Thus, a CIA interrogator who tortures should not be able to avoid responsibility simply because his superior ordered him to torture, right?

Further, the Uniform Code of Military Justice gives military personnel the right to refuse to follow “unlawful orders.”  

But consider the “public authority” defense, which is recognized by the federal courts and is specifically acknowledged in the Federal Rules of Criminal Procedure.

Here, is how the Seventh Circuit, for example, explained the defense in its jury instructions (note, I am getting this language from Westlaw, which requires a subscription):

    A defendant acts under public authority if:

    (1) that defendant is affirmatively told that his/her conduct would be lawful;

    (2) the defendant is told this by an official of the [United States] government; [and]

    (3) the defendant actually relies on what the official tells him/her in taking the action[; and,

    (4) the defendant’s reliance on what he/she was told by the official is reasonable in light of the circumstances].

Now, I hasten to add that just because this defense is available does not mean that the CIA interrogators who tortured would prevail with that defense.  As you can see, they would have to establish, among other things, that their reliance on the legal advice was reasonable.  And certainly, the availability of the defense, in itself, does not necessarily justify a decision not to prosecute, let alone a decision not to investigate.

Still, it should be clear that there is a tension, if not outright conflict, between the “public authority” defense and Nuremberg Principle 4.  The former does, indeed, forgive reasonable reliance on advice from one’s superior that action is legal, while the latter demands more, i.e., that the actor have no “moral choice” but to follow orders.

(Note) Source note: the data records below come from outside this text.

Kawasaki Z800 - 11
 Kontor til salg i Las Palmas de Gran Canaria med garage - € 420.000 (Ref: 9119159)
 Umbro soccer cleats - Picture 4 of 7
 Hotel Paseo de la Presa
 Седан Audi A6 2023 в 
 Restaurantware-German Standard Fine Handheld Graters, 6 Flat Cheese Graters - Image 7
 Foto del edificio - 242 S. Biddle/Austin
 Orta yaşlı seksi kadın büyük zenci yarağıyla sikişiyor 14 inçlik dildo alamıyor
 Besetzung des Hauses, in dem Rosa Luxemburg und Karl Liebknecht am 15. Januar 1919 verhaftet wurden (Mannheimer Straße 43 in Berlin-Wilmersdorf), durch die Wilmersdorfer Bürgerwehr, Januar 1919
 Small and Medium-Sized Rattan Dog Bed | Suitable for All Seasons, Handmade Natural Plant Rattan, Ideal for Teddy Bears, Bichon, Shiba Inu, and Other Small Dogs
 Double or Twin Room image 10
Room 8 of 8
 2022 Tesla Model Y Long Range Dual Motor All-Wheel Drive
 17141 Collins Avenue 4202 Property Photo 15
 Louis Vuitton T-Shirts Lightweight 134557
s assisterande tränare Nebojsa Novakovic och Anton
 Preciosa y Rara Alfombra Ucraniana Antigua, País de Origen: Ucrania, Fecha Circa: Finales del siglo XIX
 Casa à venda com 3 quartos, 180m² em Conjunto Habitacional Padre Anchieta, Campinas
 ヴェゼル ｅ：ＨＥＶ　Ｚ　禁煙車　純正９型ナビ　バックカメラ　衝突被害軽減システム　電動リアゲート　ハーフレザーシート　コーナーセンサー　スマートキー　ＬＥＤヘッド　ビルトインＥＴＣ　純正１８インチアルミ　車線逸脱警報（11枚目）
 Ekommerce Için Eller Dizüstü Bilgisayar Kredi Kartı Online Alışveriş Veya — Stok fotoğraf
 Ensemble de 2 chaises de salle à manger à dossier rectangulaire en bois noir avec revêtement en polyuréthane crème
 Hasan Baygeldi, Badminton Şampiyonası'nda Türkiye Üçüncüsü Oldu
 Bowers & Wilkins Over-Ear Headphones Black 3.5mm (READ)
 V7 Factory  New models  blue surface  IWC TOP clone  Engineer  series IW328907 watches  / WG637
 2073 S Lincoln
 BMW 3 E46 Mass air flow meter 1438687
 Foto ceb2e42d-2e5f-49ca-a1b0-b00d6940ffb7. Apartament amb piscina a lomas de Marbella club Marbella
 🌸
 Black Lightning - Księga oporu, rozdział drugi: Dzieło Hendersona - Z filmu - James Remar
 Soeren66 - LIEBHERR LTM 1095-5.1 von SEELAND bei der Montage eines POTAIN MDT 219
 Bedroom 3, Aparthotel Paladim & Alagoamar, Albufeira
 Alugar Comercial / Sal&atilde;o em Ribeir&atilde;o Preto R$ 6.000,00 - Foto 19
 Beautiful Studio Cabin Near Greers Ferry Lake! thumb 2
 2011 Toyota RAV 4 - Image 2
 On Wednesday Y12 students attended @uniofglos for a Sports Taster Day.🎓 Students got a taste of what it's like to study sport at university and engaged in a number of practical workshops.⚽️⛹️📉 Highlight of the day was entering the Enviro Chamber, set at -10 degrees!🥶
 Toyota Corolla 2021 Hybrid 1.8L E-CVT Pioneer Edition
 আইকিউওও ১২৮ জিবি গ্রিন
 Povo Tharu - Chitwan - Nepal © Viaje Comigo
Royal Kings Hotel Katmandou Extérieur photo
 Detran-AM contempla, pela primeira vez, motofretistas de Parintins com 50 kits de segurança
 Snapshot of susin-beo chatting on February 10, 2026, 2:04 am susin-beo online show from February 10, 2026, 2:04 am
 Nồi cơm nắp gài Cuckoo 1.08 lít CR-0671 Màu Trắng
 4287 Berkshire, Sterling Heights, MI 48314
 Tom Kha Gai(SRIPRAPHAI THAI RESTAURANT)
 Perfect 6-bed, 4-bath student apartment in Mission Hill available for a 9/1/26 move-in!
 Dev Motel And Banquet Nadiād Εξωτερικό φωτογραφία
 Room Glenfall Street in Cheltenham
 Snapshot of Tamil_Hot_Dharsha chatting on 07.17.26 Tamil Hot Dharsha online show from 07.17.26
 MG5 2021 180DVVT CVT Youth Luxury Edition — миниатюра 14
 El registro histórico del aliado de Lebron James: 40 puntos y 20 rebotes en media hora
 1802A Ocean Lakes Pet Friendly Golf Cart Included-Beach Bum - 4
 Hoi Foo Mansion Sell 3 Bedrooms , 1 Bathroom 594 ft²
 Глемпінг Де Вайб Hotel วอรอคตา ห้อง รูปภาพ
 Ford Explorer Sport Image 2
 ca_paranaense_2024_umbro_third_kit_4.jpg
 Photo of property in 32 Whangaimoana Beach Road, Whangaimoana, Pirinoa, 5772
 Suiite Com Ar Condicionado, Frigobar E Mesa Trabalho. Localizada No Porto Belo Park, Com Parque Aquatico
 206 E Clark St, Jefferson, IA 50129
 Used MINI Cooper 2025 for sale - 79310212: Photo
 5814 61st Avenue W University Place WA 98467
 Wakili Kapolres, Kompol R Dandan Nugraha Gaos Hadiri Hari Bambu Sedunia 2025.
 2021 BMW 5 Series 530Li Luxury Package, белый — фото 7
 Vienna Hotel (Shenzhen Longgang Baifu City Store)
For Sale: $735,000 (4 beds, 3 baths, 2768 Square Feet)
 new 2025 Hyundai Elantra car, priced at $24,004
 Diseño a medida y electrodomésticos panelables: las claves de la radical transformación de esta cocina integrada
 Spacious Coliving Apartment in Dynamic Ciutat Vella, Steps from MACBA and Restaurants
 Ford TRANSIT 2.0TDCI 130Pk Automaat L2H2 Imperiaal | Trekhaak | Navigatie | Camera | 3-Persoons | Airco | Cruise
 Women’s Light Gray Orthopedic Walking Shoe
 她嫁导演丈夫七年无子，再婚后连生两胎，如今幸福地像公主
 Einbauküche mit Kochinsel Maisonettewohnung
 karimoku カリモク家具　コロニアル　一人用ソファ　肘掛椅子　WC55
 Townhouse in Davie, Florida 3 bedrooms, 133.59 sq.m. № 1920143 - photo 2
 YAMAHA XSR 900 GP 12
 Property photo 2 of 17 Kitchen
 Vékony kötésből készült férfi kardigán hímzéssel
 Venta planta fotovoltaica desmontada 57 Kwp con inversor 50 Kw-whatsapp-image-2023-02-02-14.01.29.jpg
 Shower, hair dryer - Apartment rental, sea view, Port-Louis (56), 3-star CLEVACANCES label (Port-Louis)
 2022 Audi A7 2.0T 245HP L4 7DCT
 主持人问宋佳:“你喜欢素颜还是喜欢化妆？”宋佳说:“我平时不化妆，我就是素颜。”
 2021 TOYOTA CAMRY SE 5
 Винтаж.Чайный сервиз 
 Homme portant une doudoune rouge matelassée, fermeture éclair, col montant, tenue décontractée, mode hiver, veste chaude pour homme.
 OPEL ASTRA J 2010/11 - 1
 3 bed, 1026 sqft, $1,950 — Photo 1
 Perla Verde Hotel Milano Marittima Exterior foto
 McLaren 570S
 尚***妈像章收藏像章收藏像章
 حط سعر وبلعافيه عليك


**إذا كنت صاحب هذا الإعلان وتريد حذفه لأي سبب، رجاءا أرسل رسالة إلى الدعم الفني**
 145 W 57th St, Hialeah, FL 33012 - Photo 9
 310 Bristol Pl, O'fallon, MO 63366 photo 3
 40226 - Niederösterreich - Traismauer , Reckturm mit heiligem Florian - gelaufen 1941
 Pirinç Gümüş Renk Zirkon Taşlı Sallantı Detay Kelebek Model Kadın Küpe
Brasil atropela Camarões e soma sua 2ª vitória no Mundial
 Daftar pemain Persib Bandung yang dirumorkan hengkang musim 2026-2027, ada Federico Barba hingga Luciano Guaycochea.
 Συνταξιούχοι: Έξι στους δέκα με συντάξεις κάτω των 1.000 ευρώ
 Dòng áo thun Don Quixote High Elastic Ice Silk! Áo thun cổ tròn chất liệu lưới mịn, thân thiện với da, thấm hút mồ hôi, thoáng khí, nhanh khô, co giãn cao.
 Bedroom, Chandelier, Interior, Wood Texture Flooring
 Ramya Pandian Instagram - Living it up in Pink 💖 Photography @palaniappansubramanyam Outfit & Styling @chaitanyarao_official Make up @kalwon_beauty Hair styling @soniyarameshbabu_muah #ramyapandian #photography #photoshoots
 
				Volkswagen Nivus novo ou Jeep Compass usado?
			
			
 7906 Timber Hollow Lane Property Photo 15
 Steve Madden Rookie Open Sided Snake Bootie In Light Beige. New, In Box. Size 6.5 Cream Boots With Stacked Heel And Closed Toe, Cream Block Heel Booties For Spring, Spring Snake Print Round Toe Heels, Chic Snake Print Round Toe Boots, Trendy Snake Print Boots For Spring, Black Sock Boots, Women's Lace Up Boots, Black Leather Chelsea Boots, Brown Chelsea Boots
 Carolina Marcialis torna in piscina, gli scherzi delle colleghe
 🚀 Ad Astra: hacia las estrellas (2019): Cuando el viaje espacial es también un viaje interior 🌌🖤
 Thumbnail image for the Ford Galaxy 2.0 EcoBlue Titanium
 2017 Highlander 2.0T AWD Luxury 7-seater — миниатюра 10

I’ll conclude by noting what I think are the implications of this tension:

(1) Before we condemn a decision not to prosecute under federal law, we should acknowledge that the “I was just following orders” defense appears more viable in federal courts than international courts;

(2) Prosecutors should consider potential legal defenses before instituting charges (though, again, the existence of a defense alone is merely one factor);

(3) The limits of federal law may provide ammunition to those who would prefer to see prosecutions in international court.